Un très discret centre d'expertise
La DRM, qui est leader en France sur le renseignement d'origine imagerie (ROIM) fourni par les satellites-espions militaires, a inauguré le 19 janvier dernier un très discret centre d'expertise, le CRGI (Centre de renseignement géospatial interarmées). Pluridisciplinaire, il intègre une trentaine de spécialistes civils, militaires et réservistes de haut niveau dont la principale fonction consiste à fusionner le renseignement recueilli par la DRM à partir d'une multitude de capteurs (interceptions, satellites, sources ouvertes, cybersurveillance, etc.). C'est ainsi que la DRM peut aujourd'hui présenter aux dirigeants français une situation précise de la présence des migrants subsahariens en Libye, ainsi que les identités exactes, les modes opératoires et les stratégies des passeurs de migrants. Ces informations sont transmises par la France à l'état-major de la mission européenne en Méditerranée Eunavfor Med, lancée en mai dernier.

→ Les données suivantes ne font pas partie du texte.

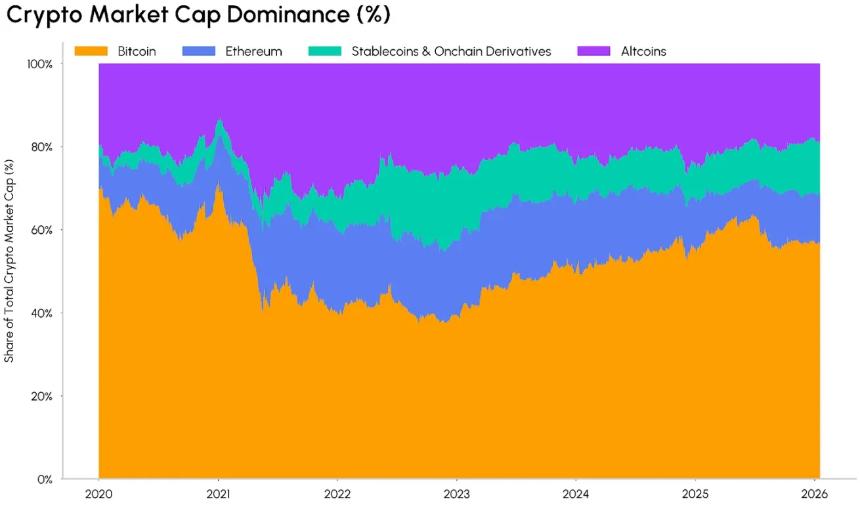  加密市场的资本，只爱「老大哥」了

Filières de trafics humains
Le général Gomart a ainsi pu confier lors du colloque que les militaires français ont repéré les principaux points d'entrée des filières de trafic humain sur le territoire libyen, notamment à partir de la zone des trois frontières (Libye, Soudan, Égypte). Le renseignement français sait où les passeurs échangent leurs cargaisons humaines, où ils les hébergent. Il les voit également préparer les départs vers l'Europe depuis les plages de Tripolitaine et de Cyrénaïque, imposant aux migrants un processus immuable : « Le mode opératoire des passeurs est connu : départ de nuit, avant un appel systématique au Maritime Rescue Coordination Centre italien. Parmi les migrants, les passeurs désignent un capitaine et lui donnent un téléphone satellite qui sert aussi de GPS. Ils sont ensuite récupérés par un navire d'assistance, militaire ou civil. » Et Christophe Gomart de conclure : « Il ne nous reste qu'à intégrer les données météorologiques pour arriver à une meilleure prévision. »

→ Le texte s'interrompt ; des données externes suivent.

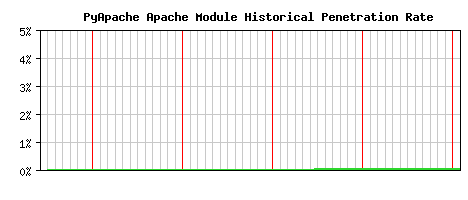 PyApache Module Historical Market Share Graph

Données massives géolocalisées
Aux yeux du patron du renseignement militaire français, le Geoint est devenu « l'outil idéal pour valoriser des données massives géolocalisées. Il joue le rôle d'un accélérateur de prises de décisions en donnant une vision claire et complète aux chefs militaires et aux décideurs politiques ». Le renseignement recoupé à partir de sources vérifiées et incontestables permet à ses yeux de sortir de l'émotion suscitée notamment par les messages surabondants diffusés sur les réseaux sociaux, ou par la presse. Il prend pour exemple la situation en Ukraine, l'an dernier : « Si on écoutait les sources ouvertes, tout tendait à prouver que les Russes avaient envahi l'Ukraine. Mais quand on regardait la géographie et les données du renseignement, on voyait que les Russes n'avaient pas mis en place d'hôpitaux de campagne, n'avaient pas mis en place les pipelines mobiles permettant d'alimenter les blindés en carburant. Ce que nous ont appris les réseaux sociaux utilisés par les mères de soldats russes, c'est qu'ils s'ennuyaient, qu'ils n'avaient pas beaucoup de munitions, qu'ils ne savaient pas vraiment ce qu'ils faisaient là... »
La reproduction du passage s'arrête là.